GM Pays Record $35 Million Fine over Fatal Ignition Switches

May 16, 2014 04:42 PM EDT | Jordan Ecarma


General Motors has agreed to pay a $35 million settlement to the government following a federal investigation into millions of recalled small cars, the maximum fine allowable under law.

The record fine serves as a warning to other carmakers as well, an official said.

"Safety is our top priority, and today's announcement puts all manufacturers on notice that they will be held accountable if they fail to quickly report and address safety-related defects," said Transportation Secretary Anthony Foxx, as quoted by The New York Times.

In the wake of the recall, GM has shuffled its executive team and also added 35 product inspectors and restructured its engineering division.

While the settlement reaches the current limit on such fines, regulators have been campaigning to increase the maximum fine to $300 million.

Headed by recently appointed CEO Mary Barra, the automaker is aiming for a clean slate after the ignition switch recall fiasco that resulted in 13 deaths, and the "new GM" is coming at a steep price.

In addition to the $35 million fine and $1.3 billion in recall expenses, GM is paying $7,000 a day for insufficiently answering 107 questions from regulators about 2.6 million recalled small cars. Chevrolet Cobalts, Saturn Ions and other models had problematic ignition switches that tended to turn off the cars while driving, shutting down the engine and disabling the airbags.

"We have learned a great deal from this recall," G.M.'s chief executive, Mary T. Barra, said Friday in a statement quoted by the Times. "We will now focus on the goal of becoming an industry leader in safety.

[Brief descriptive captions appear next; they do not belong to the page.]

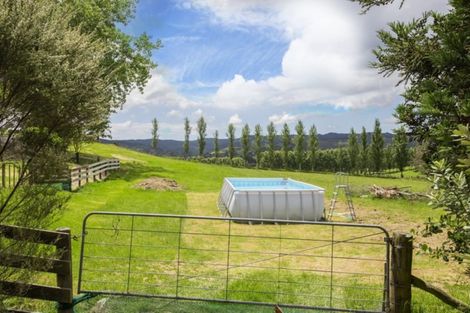 Photo of property in 576 Old Kaipara Road, Kaipara Flats, Warkworth, 0981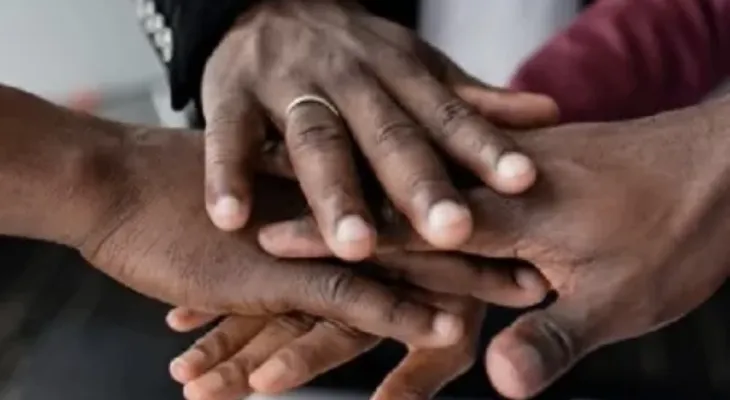 Pretos e pardos somam quase metade das candidaturas nas eleições de 2026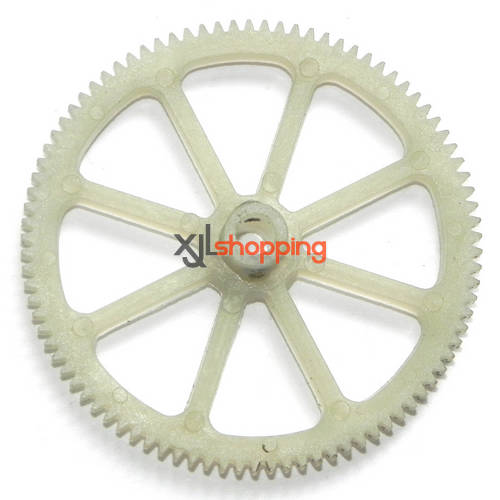 FX037 main gear FEIXUAN Fei Lun FX037 helicopter spare parts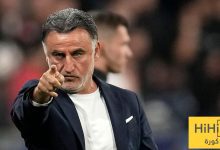 نيوم يواجه الاتحاد بخطة جديدة !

We will emerge from this situation a stronger company."

Federal regulators say that GM knew about the ignition switch issue two years ago but neglected to act.

A GM engineer sent an internal email back in 2012 that pointed out the connection between the faulty switches and airbag failure, David Friedman, acting administrator of the National Highway Traffic Safety Administration, said at a news conference on Friday.

"G.M. engineers knew about the defect, G.M. investigators knew about the defect, G.M. lawyers knew about the defect," said Friedman, as quoted by the Times.